A los seres humanos nos fascinan las historias de éxito y nos gusta pensar en el progreso como una línea recta y ascendente, un relato luminoso donde la tecnología llega a un lugar y, por arte de magia, lo transforma todo. Sin embargo, la realidad de la educación en México nos obliga a mirar más allá de ese optimismo superficial.
El verdadero peligro de las historias únicas sobre la modernidad es que nos hacen creer que un dispositivo electrónico es, por sí solo, un pasaporte al futuro. Y no lo es.
En México, seis de cada 10 escuelas públicas carecen de computadoras para propósitos pedagógicos, y ocho de cada 10 no tienen acceso a internet.
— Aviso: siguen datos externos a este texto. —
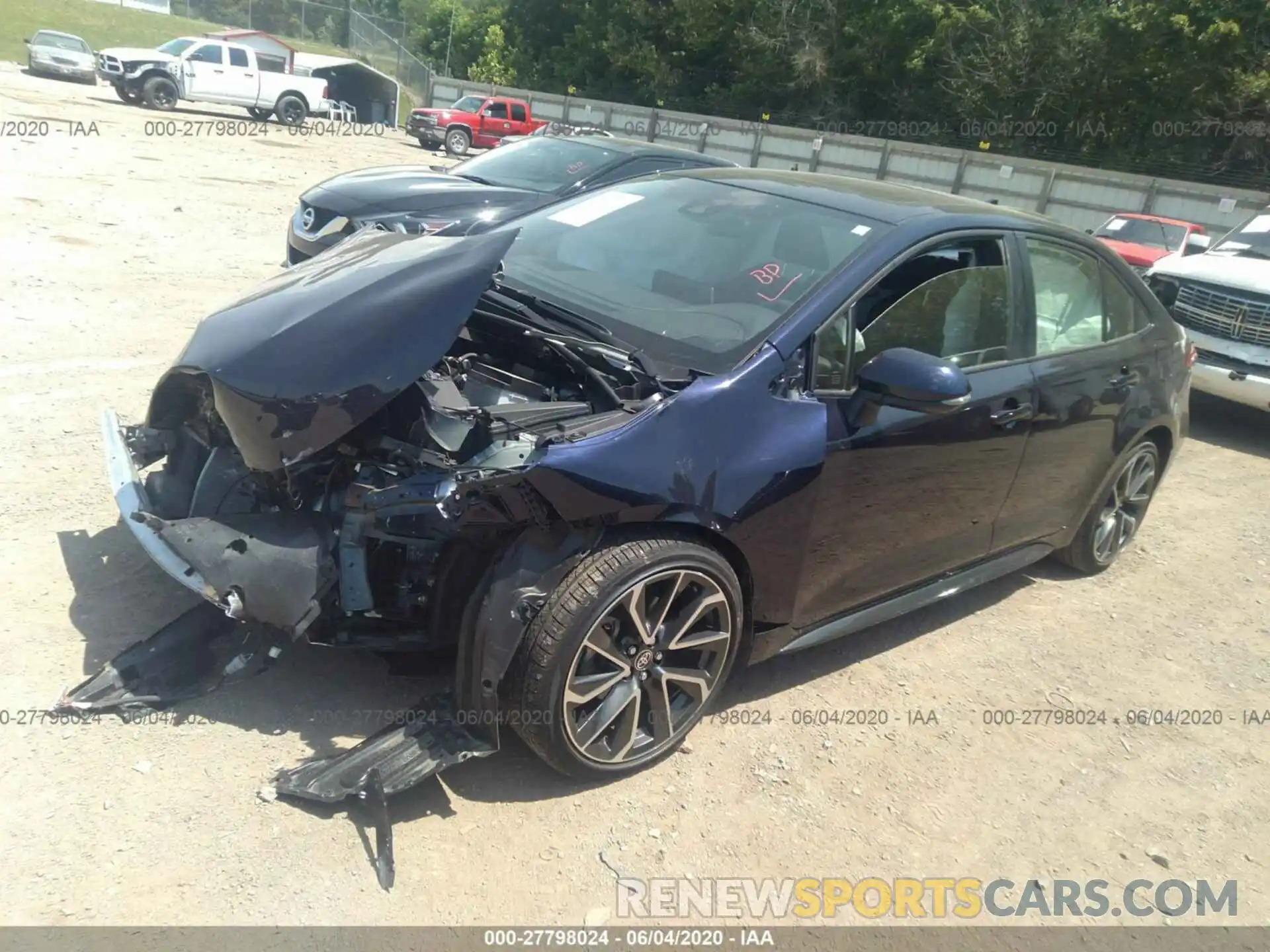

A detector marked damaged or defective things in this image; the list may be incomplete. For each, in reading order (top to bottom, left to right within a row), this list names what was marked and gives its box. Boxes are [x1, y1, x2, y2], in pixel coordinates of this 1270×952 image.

crumpled hood [99, 47, 176, 62]
crumpled hood [303, 165, 536, 217]
crumpled hood [1148, 250, 1270, 294]
crumpled hood [151, 228, 518, 475]
damaged front end [57, 229, 665, 889]
torn metal panel [52, 604, 280, 715]
detached bumper part [275, 695, 492, 893]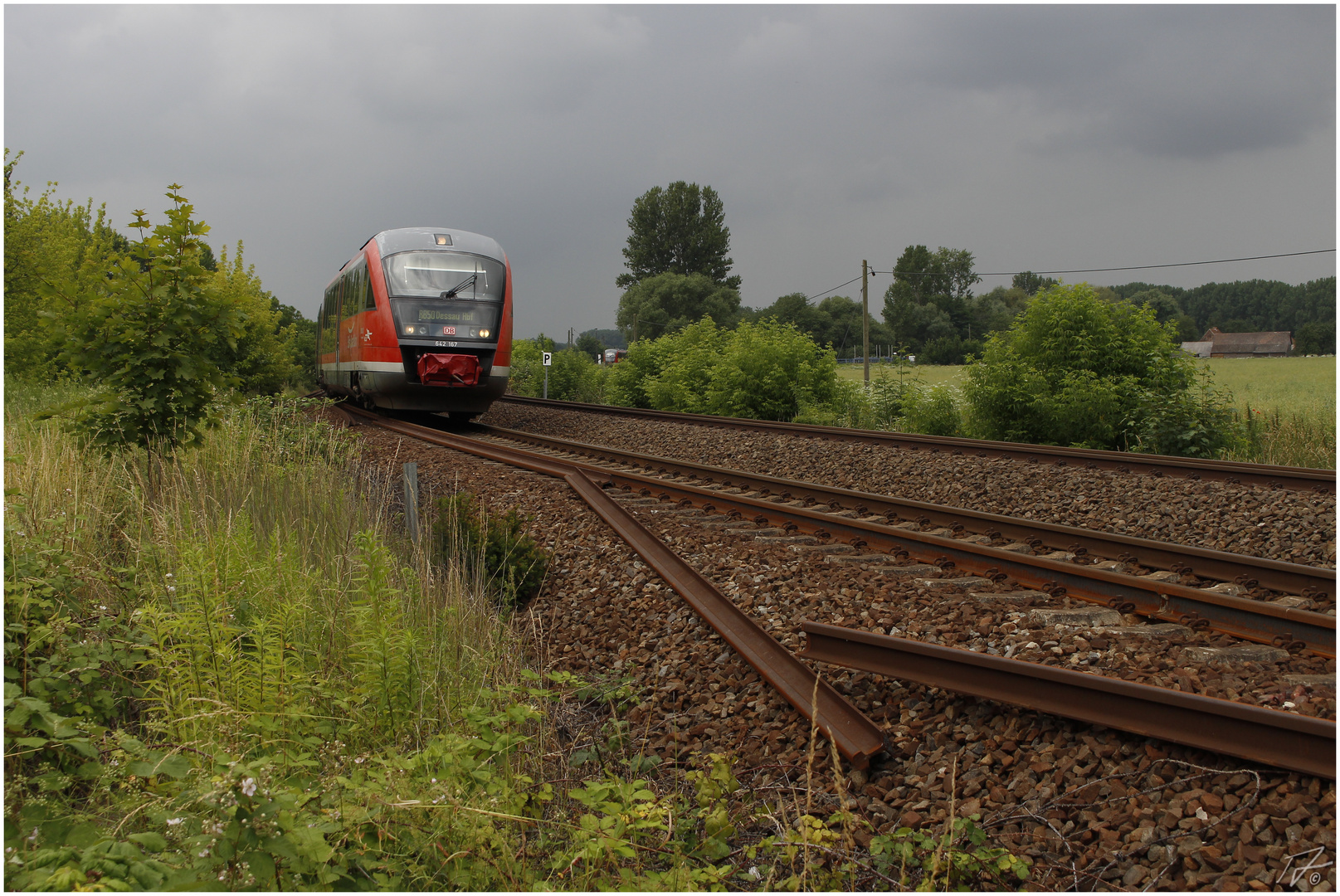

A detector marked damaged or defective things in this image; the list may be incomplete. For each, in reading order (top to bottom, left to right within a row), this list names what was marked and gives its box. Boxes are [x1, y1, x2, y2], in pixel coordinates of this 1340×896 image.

rusty rail [343, 409, 889, 766]
rusty rail [480, 426, 1329, 600]
rusty rail [498, 396, 1334, 495]
rusty rail [798, 621, 1334, 777]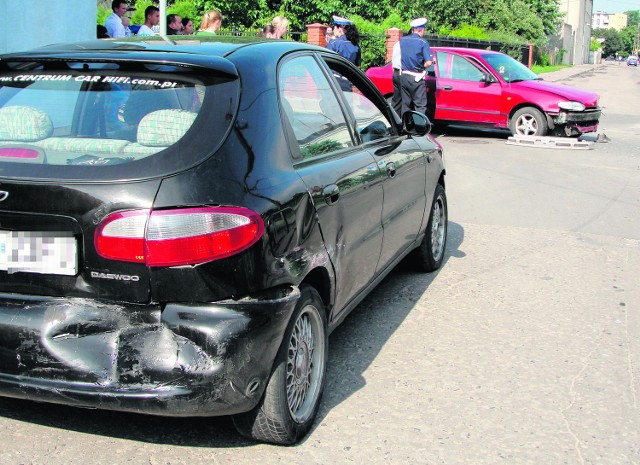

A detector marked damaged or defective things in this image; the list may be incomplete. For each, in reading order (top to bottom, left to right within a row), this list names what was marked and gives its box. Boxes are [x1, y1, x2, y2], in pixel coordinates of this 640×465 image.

damaged front bumper [0, 286, 298, 416]
damaged rear bumper [0, 286, 300, 416]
Esta realidad es una desigualdad evidente.
Pero si ampliamos el plano para observar los colegios privados, aquellos cuyos alumnos sostienen tabletas en aulas perfectamente conectadas, descubriremos una verdad incómoda: la brecha no es únicamente de infraestructura.
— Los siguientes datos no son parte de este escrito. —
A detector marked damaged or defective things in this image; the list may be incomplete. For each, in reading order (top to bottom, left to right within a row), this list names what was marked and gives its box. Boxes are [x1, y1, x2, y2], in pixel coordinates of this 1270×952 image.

Los últimos resultados del Programa para la Evaluación Internacional de los Estudiantes (PISA) revelaron un estancamiento generalizado que no respeta códigos postales ni modelos de financiamiento.
México se enfrenta a una crisis estructural del aprendizaje, y su síntoma más alarmante se encuentra en la comprensión de lectura.
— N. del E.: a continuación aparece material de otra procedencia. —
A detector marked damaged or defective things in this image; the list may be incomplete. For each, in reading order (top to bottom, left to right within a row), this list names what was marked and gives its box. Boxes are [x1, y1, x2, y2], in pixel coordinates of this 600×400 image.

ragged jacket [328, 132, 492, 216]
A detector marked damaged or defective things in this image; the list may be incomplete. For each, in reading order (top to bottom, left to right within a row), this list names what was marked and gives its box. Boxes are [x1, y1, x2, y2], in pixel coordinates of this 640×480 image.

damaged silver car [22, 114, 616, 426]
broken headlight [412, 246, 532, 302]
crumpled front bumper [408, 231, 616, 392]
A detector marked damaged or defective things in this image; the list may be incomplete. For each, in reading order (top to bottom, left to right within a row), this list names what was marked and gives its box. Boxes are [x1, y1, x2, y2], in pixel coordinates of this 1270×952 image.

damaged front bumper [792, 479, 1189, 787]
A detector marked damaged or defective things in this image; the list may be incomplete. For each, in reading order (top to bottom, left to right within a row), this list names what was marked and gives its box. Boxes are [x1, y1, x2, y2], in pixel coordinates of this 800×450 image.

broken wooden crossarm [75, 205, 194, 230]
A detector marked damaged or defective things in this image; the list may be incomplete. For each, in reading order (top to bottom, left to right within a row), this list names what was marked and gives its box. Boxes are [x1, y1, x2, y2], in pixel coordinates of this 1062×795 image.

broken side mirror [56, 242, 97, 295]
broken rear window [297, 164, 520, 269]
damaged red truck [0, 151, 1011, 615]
No podemos hablar de incorporar inteligencia artificial o de formar a los estudiantes en las llamadas “habilidades del siglo XXI”, como el pensamiento crítico, la creatividad y la resolución de problemas complejos, si antes no aseguramos que una niña o un niño pueda entender el significado profundo de lo que lee.
La alfabetización inicial y la comprensión de lectura no son herramientas del pasado; son el sistema operativo indispensable para que la tecnología funcione.
Un estudiante que no comprende un texto impreso jamás podrá discernir la veracidad de una respuesta generada por una inteligencia artificial, ni sabrá formular las preguntas correctas (los prompts) para resolver un problema real. Sin lectura, la tecnología no democratiza el conocimiento; simplemente automatiza el vacío.
ella dice...“Equidad no es dar a todos lo mismo;
Equidad es asegurar que el origen de un niño no defina su destino”
Es ahí donde la formación docente adquiere una dimensión fundamental. Durante el ciclo escolar 2024 2025, el Programa de Fortalecimiento Escolar de UNETE, demostró que cuando la tecnología se introduce no como un fin, sino como una herramienta mediada por el acompañamiento pedagógico, los resultados cambian la narrativa del aula.
No se trata de sustituir el juicio del maestro por una pantalla, sino de convertirlo en un arquitecto de la innovación.
Tras recibir una capacitación continua y personalizada basada en el Marco Europeo para las Competencias Digitales Docentes, la mayoría de los maestros participantes desplazó su dominio técnico desde un nivel básico de “exploradores” hasta alcanzar niveles de “expertos”, “líderes” y “pioneros”.
Estos docentes acompañados lograron integrar aplicaciones digitales de manera transversal en los campos de lenguajes y saberes científicos.
Pero lo verdaderamente revolucionario ocurrió cuando utilizaron la tecnología para potenciar la lectura, mediante talleres de comprensión adaptados al nivel real de cada alumno.
Alrededor de 10 mil 604 estudiantes realizaron más de 84 mil lecturas bajo este enfoque, estimulando la adquisición de vocabulario y, sobre todo, recuperando el entusiasmo por aprender algo nuevo.
Equidad no es dar a todos lo mismo; equidad es asegurar que el origen de un niño no defina su destino. Mejorar la calidad educativa en el sector público y en el privado requiere que dejemos de ver los dispositivos como símbolos de estatus y comencemos a verlos como extensiones del pensamiento crítico.
El futuro de México no se medirá por la cantidad de pantallas que encendamos, sino por la profundidad de las mentes que seamos capaces de iluminar. Y esa luz, hoy más que nunca, comienza con la comprensión de la palabra escrita.